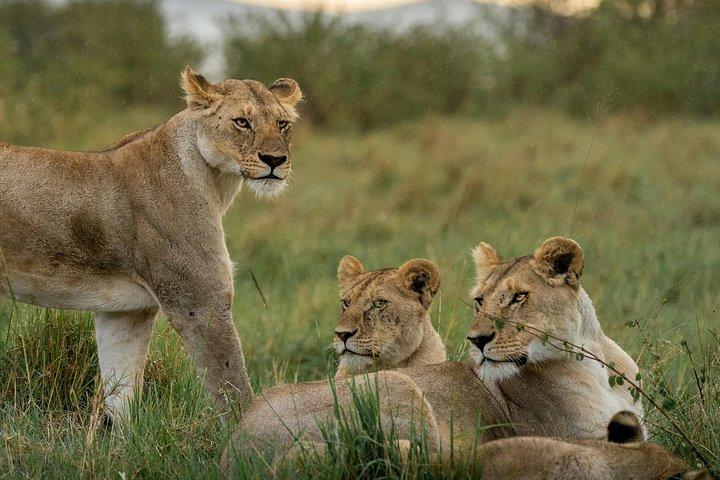 4日間シグネチャーファミリー野生動物アドベンチャーマサイマラサファリ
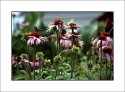 Coneflowers
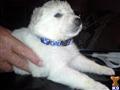 Puppies for Sale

········

# [Work to complete]
The pictures in the data should be omitted, and every remaining line set down exactly.

# [Task output]
 4日間シグネチャーファミリー野生動物アドベンチャーマサイマラサファリ
 Coneflowers
 Puppies for Sale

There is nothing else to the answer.